EXERCISE BRIEF — Could you please reproduce all the records below exactly, leaving out the images?

- Opening Delimiter -

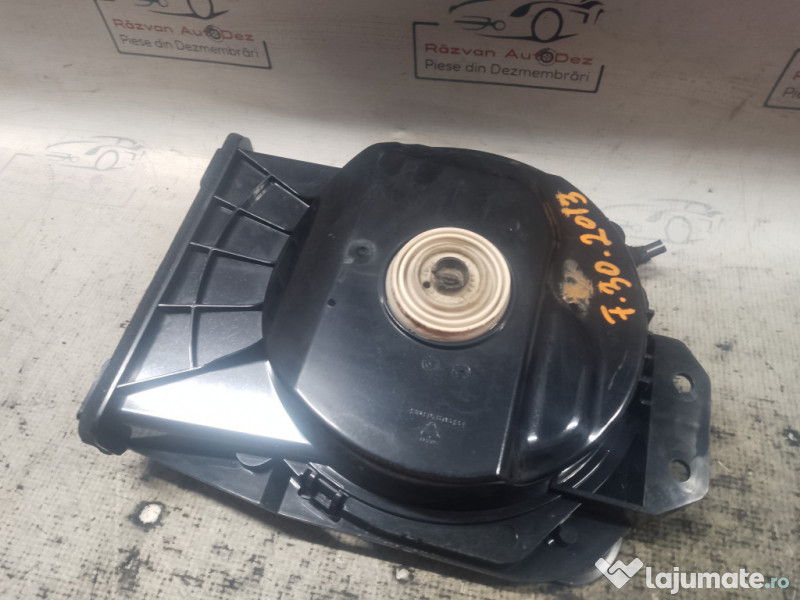 Boxa podea dreapta BMW F30 2.0 Motorina 2013
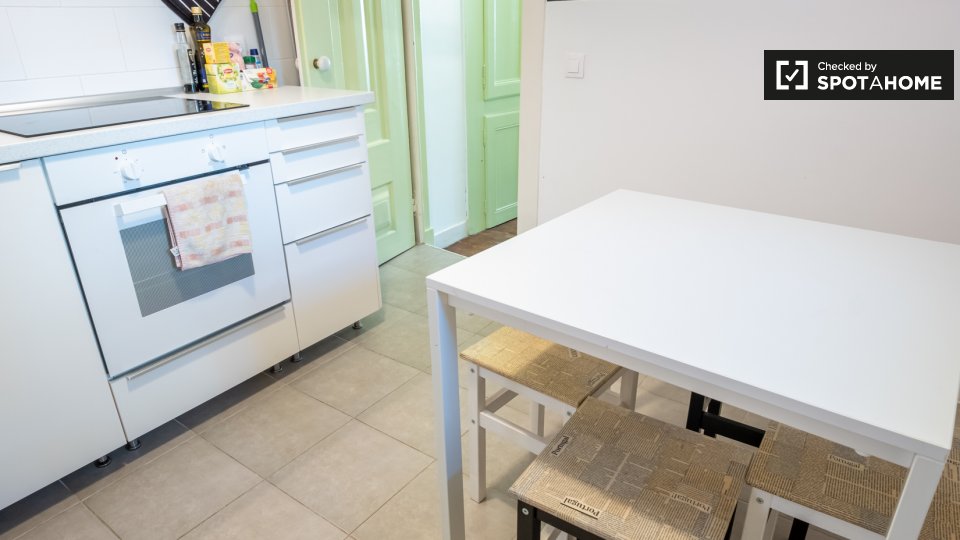 Apartment Lisbon, 1 bed — photo 4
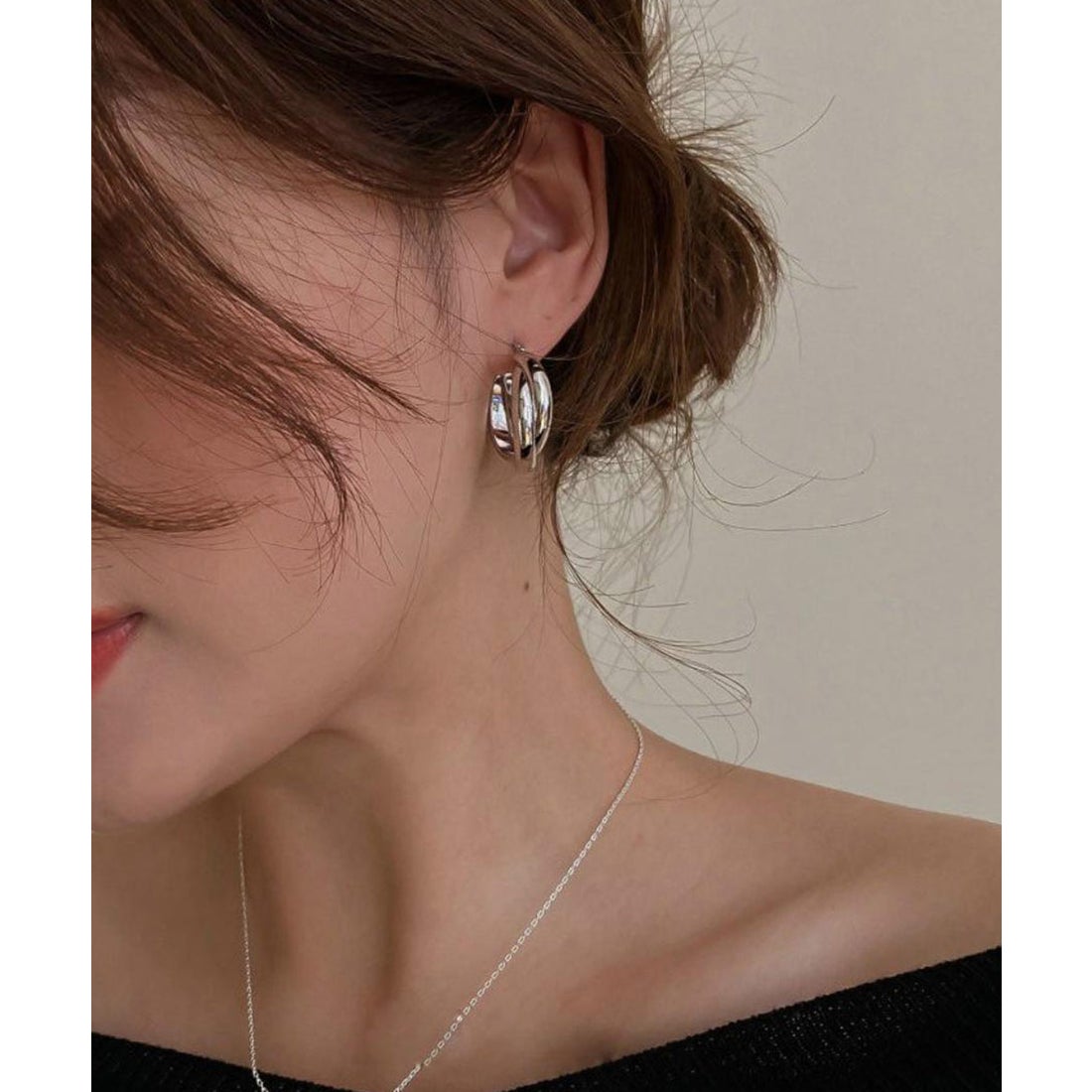 フォースメント Forcement ツイストデザインフープピアス （ゴールド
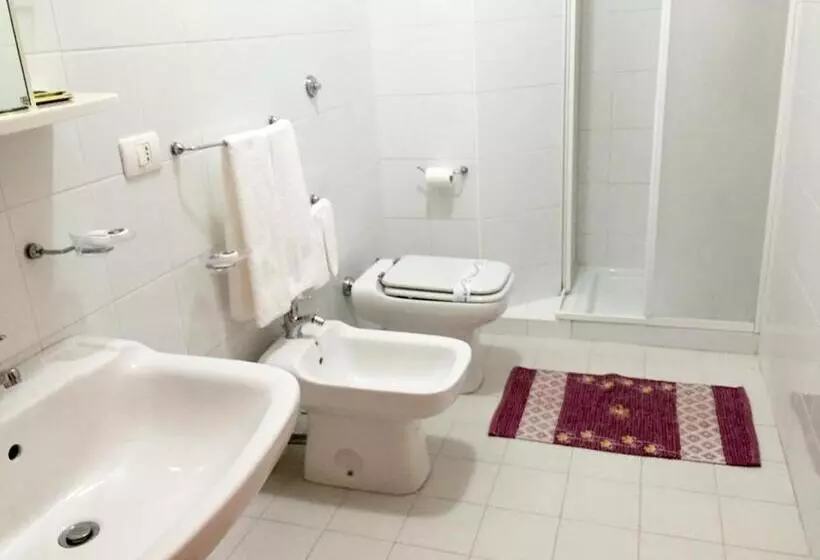 ホテル Castelvetere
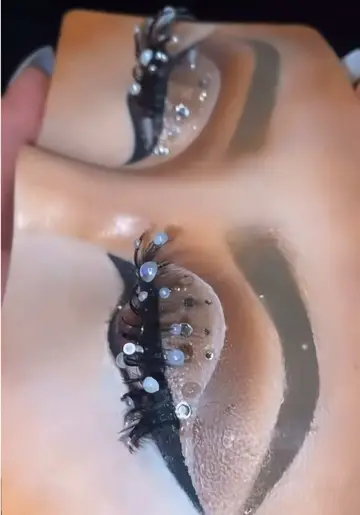 Just a lil something I did when I was bored #fyp #mua #brooklynqueen #fypシ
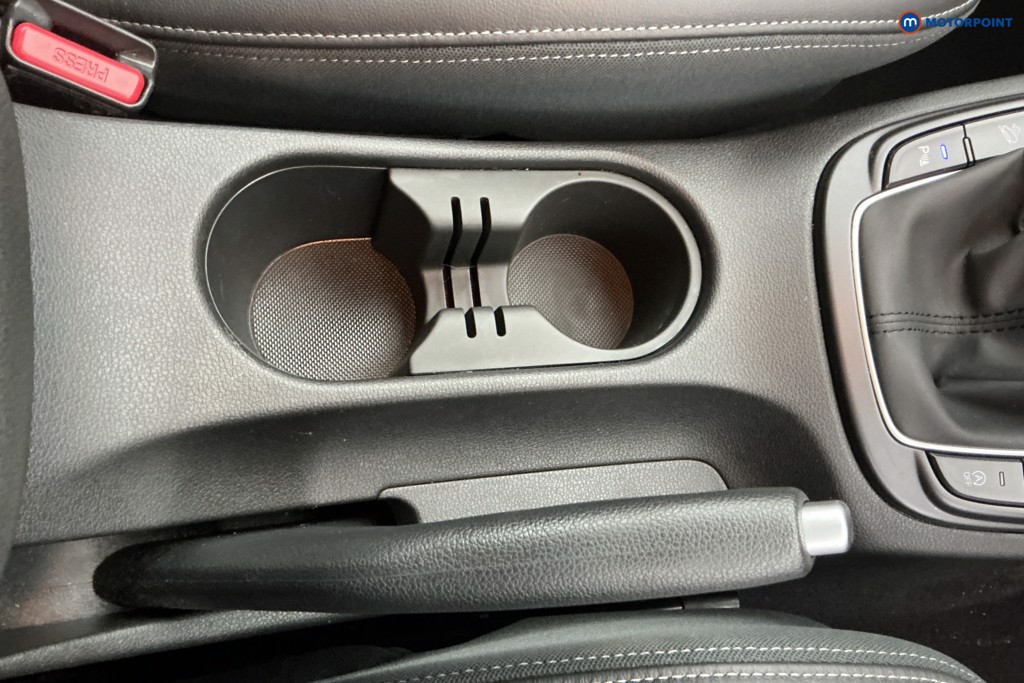 Hyundai Kona Premium Se Manual Petrol SUV - Stock Number (1588936) - 13th supplementary image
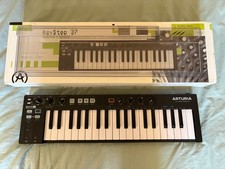 Arturia KeyStep 37 Black Edition + Decksaver cover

- Closing Delimiter -

RESPONSE BOX —
 Boxa podea dreapta BMW F30 2.0 Motorina 2013
 Apartment Lisbon, 1 bed — photo 4
 フォースメント Forcement ツイストデザインフープピアス （ゴールド
 ホテル Castelvetere
 Just a lil something I did when I was bored #fyp #mua #brooklynqueen #fypシ
 Hyundai Kona Premium Se Manual Petrol SUV - Stock Number (1588936) - 13th supplementary image
 Arturia KeyStep 37 Black Edition + Decksaver cover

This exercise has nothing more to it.